Transcribe the records exactly. Pictures do not belong in the transcription.
....
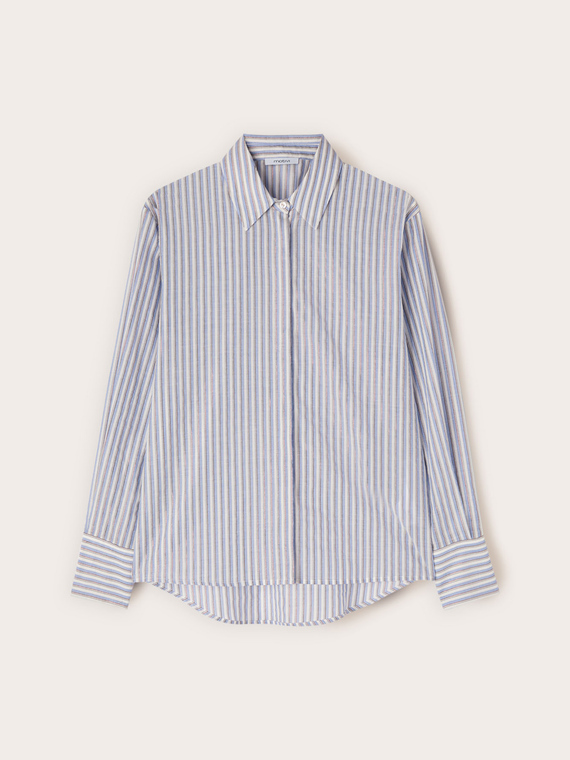 Camicia in popeline a righe lurex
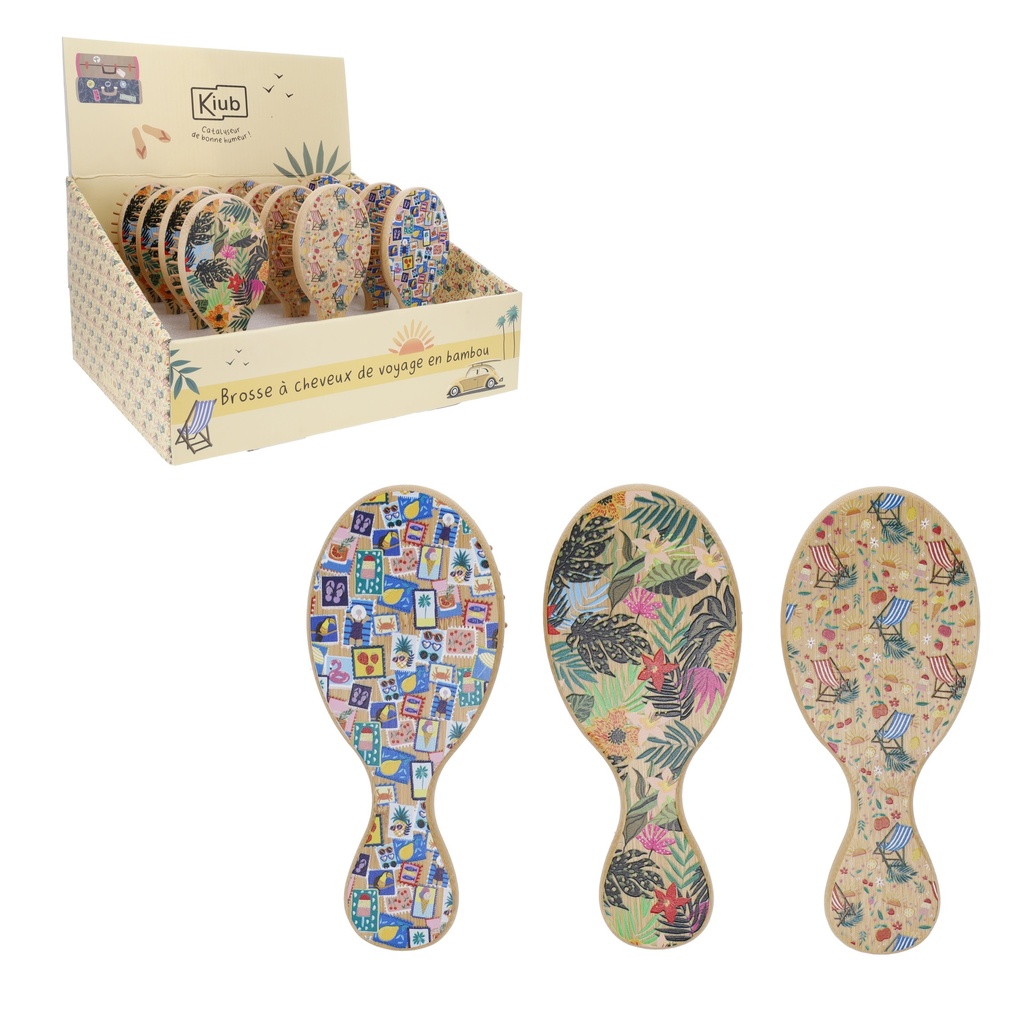 BROSSE EN BAMBOU EN DISPLAY EVASION ASSORTI ALL OVER ET PLACE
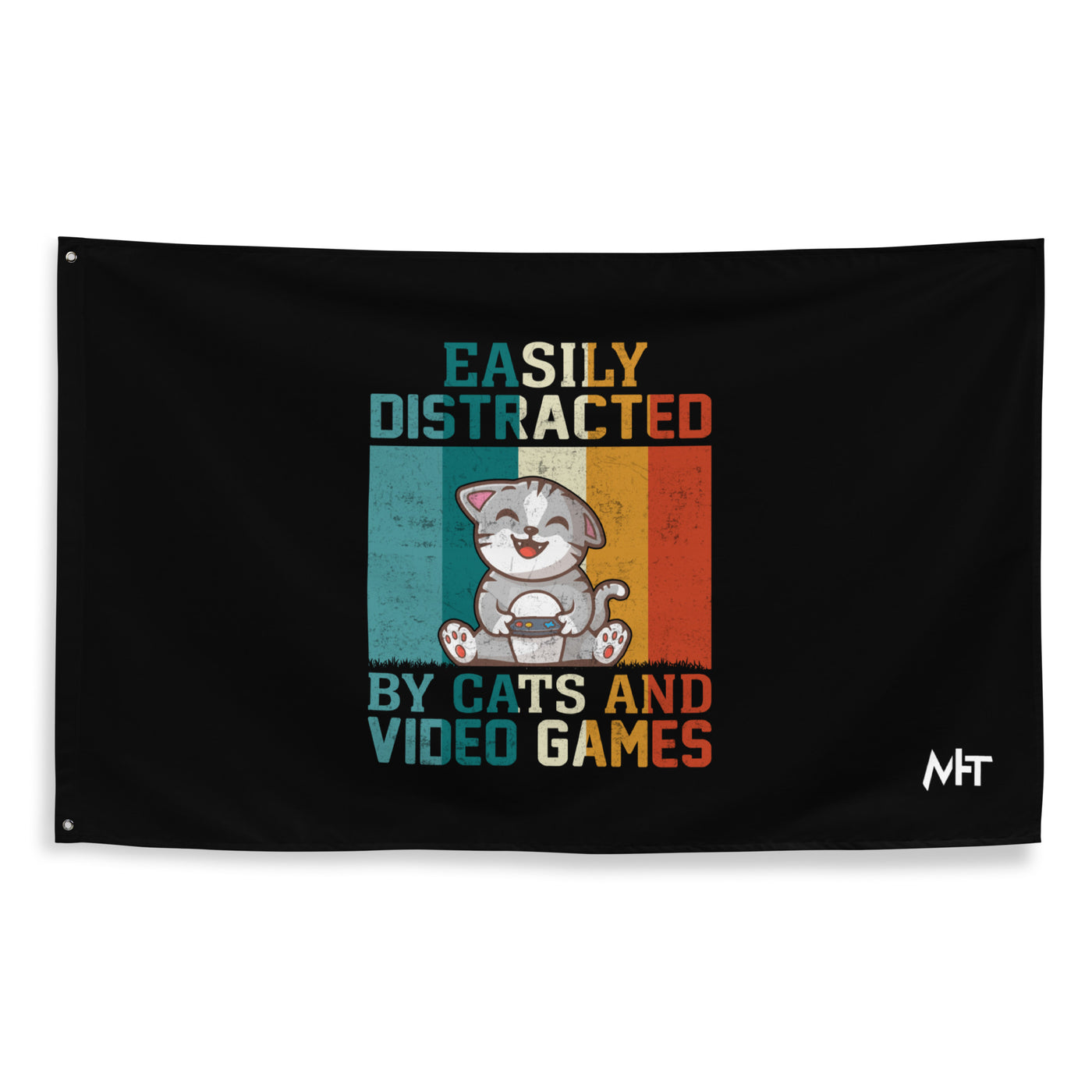 Easily Distracted by Cats and Video games Flag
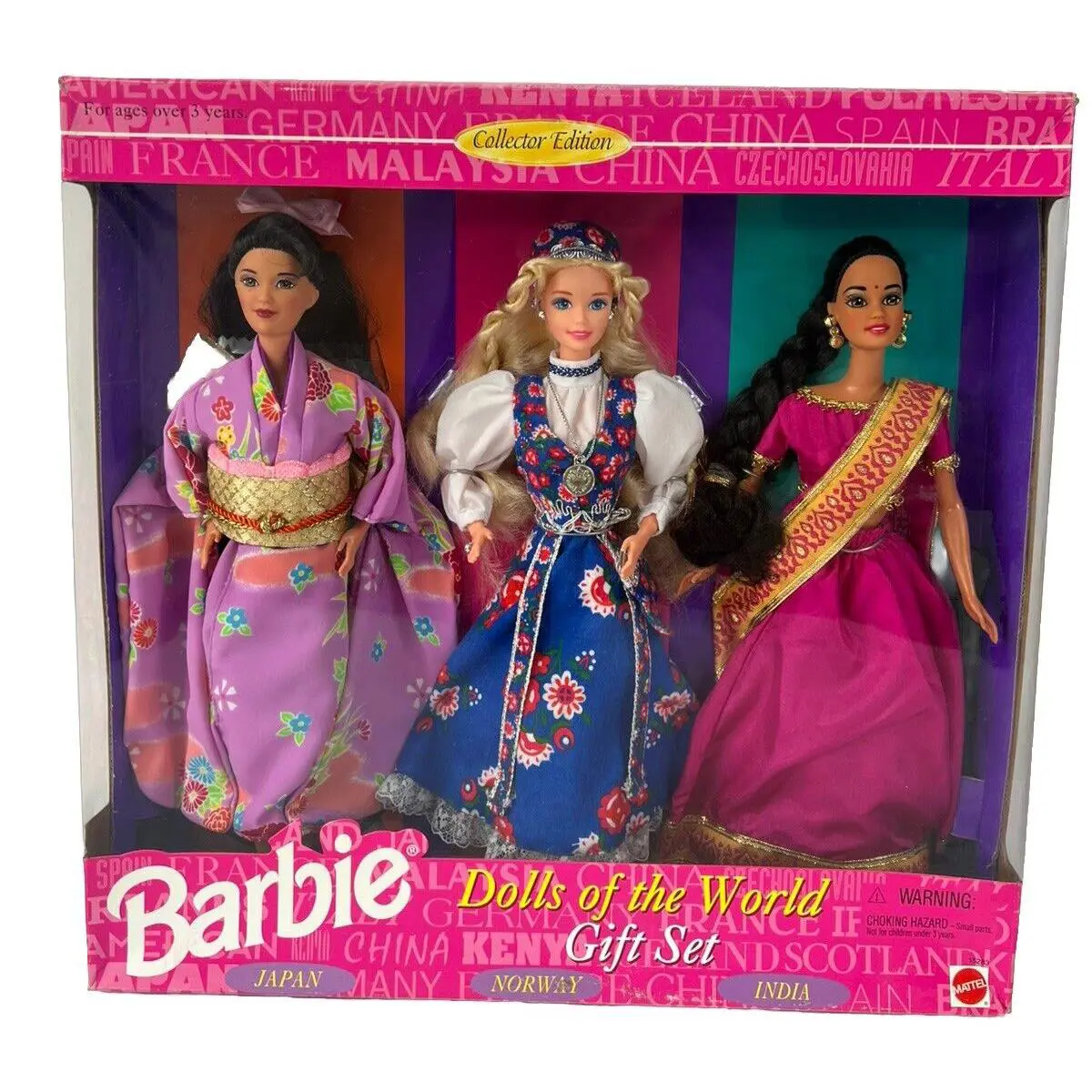 Barbie Dolls Of The World Gift Set Japan Norway India 15283 Nrfb Nos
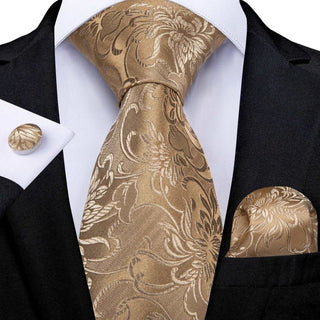 Champagne Gold Floral Necktie Pocket Square Cufflinks Set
....
Answer section:
 Camicia in popeline a righe lurex
 BROSSE EN BAMBOU EN DISPLAY EVASION ASSORTI ALL OVER ET PLACE
 Easily Distracted by Cats and Video games Flag
 Barbie Dolls Of The World Gift Set Japan Norway India 15283 Nrfb Nos
 Champagne Gold Floral Necktie Pocket Square Cufflinks Set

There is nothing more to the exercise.